● **WORK REQUEST**
Set down every record below exactly as it appears, but without the pictures.

========================================================================

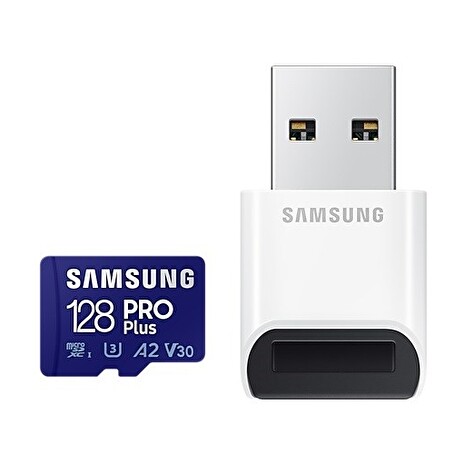 Samsung/micro SDXC/128GB/180MBps/USB 3.0/USB-A/Class 10/+ Adaptér/Modrá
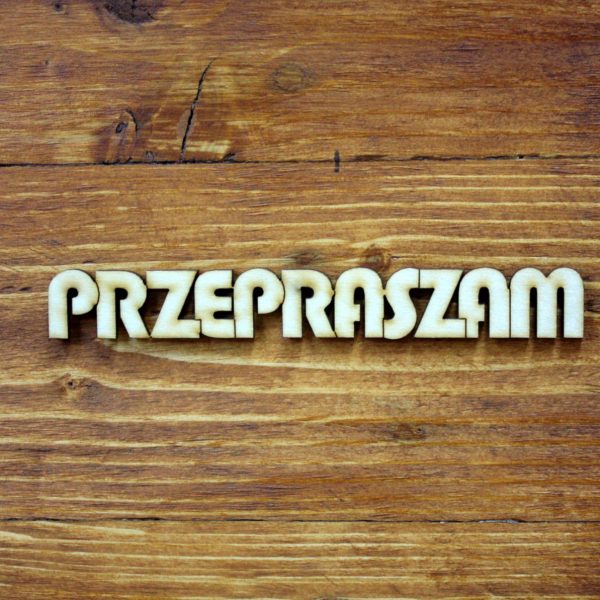 Napis „Przepraszam” różne rodzaje
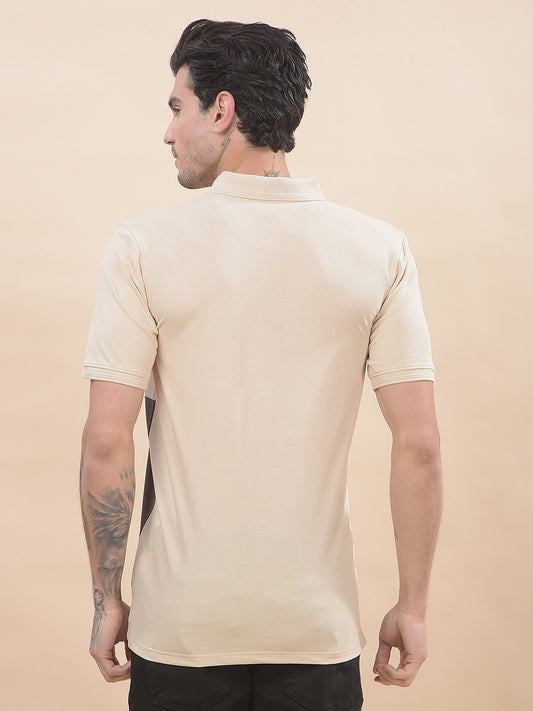 T-Shirt for Men | Breathable & Soft with Color Fastness Regular Fit Polo Neck Poly Cotton Fabric Colourblocked Pattern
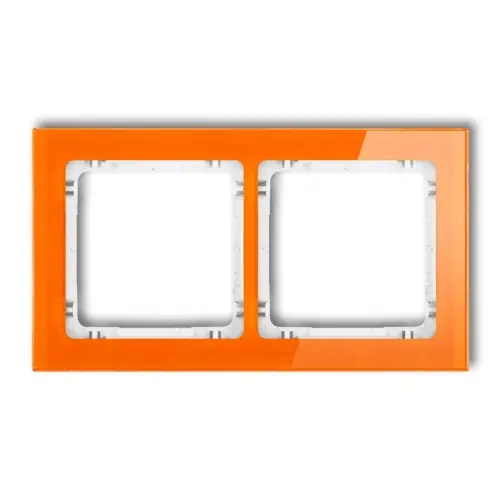 Bestseller Ramka uniwersalna podwójna - efekt szkła (ramka pomarańczowa; spód biały) Karlik DECO pomarańczowy 13-0-DRS-2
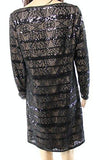 S Petite Sequined Lace Shift Dress Black 12P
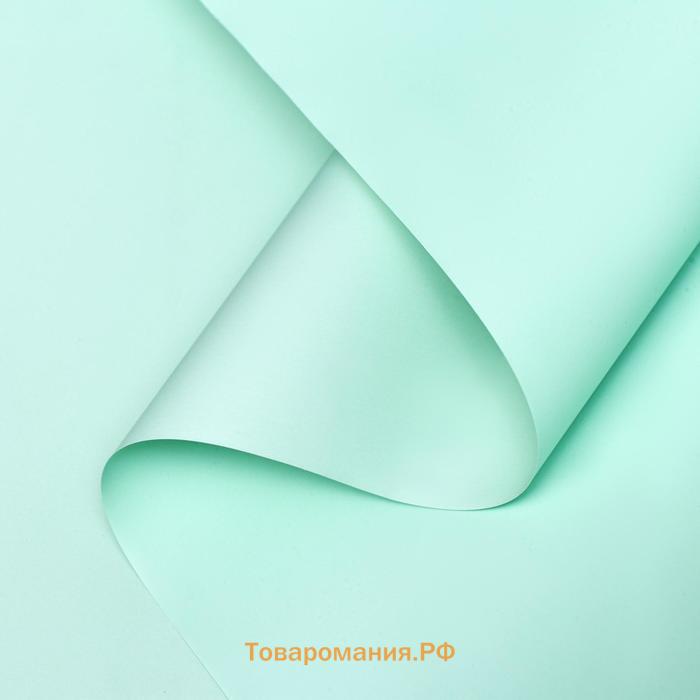 Пленка матовая, 65 микрон, пастельный зелёный, 57 см×10 м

========================================================================

● **RESULT BELOW**
 Samsung/micro SDXC/128GB/180MBps/USB 3.0/USB-A/Class 10/+ Adaptér/Modrá
 Napis „Przepraszam” różne rodzaje
 T-Shirt for Men | Breathable & Soft with Color Fastness Regular Fit Polo Neck Poly Cotton Fabric Colourblocked Pattern
 Bestseller Ramka uniwersalna podwójna - efekt szkła (ramka pomarańczowa; spód biały) Karlik DECO pomarańczowy 13-0-DRS-2
 S Petite Sequined Lace Shift Dress Black 12P
 Пленка матовая, 65 микрон, пастельный зелёный, 57 см×10 м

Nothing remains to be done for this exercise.